To examine climate regimes, two 15-year downscaled simulation epochs were examined comprising of historical (HIST; 1990–2005) and future (FUTR; 2085–2100) time slices. FUTR scenarios were further stratified using Representative Concentration Pathway 4.5 and 8.5. Verification and discussion of the HIST epoch to independent reanalysis data will be presented for the state variables, as well as presentation of the FUTR changes. We will also discuss the 29 additional variables archived at an output interval of 15-minutes that aid in the explicit and implicit detection of extreme meso-γ weather phenomena and how stakeholders can utilize these data.
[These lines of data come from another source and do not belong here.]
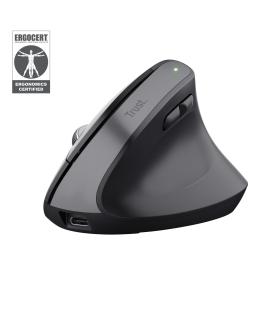 Ratn Vertical Inalmbrico Por Bluetooth Trust Bayo+  Batera Recargable  Hasta 2400 DPI
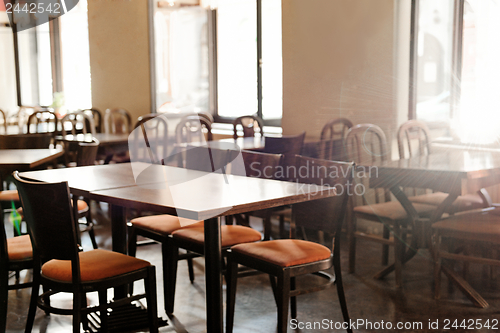 Image of Interior of a traditional hungarian restaurant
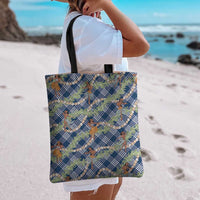 Navy Blue Palaka Hula Girls Seamless Hawaii Aloha Tote Bag LT7 - Polynesian Pride
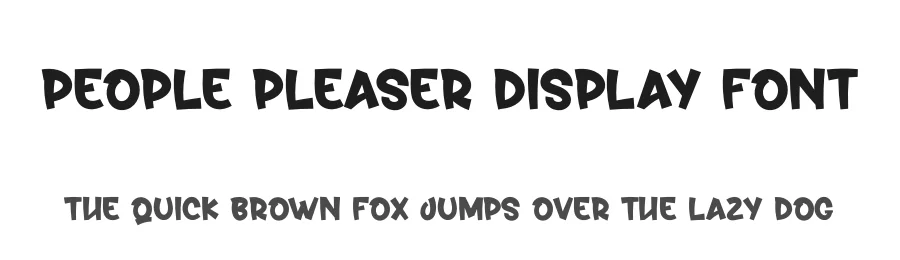 People Pleaser Display Font by andikastudio — Display Font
Dr. Gensini's research umbrella covers extreme weather and climate, with specific interests focused on: severe convective storms, synoptic/mesoscale meteorology, applied climatology, GIS techniques, geoscience data visualization, weather forecasting and climate change. His research has primarily focused on the relationship between severe convective storms and climate change by utilizing dynamical downscaling from a convective permitting regional climate model. Currently, a majority of his research is examining weather and climate dynamics that explain variability in extreme weather (e.g., hail, tornadoes, heavy rain, heat waves) frequency and analyzing ways to forecast these events at sub-seasonal to seasonal time scales.
Dr. Ashley is an atmospheric scientist and physical geographer with interests in hazards and societal interactions, severe storms, and applied climatology and meteorology. His research focuses on understanding how human exposure and vulnerability contributes to weather-related disasters; how urbanization and other land covers/uses influence thunderstorm formation; radar-based climatologies of organized thunderstorms and weather hazard impacts on transportation systems.
In the past, he has investigated the climatology and hazards of widespread and long-lived windstorms known as derechos, the rainfall patterns of thunderstorm complexes, the importance of increasing population and suburban sprawl on tornado vulnerability, and the geographies of weather-related fatalities
Dr. Michaelis's primary research interests involve high-impact weather in the context of climate change and short-term predictability. She utilizes high-resolution models to simulate phenomena such as tropical cyclones, extratropical transition events, snowstorms, and atmospheric rivers to examine how these systems and their impacts may change 50–100 years from now. She is also interested in short-term predictability challenges such as the formation of mesoscale frontal waves along atmospheric rivers.
Dr. Haberlie is interested in observed and future projections of climate extremes, severe and hazardous weather, and land use/land cover effects on regional climatology. He uses machine learning, digital image processing, and climate modeling to conduct his research.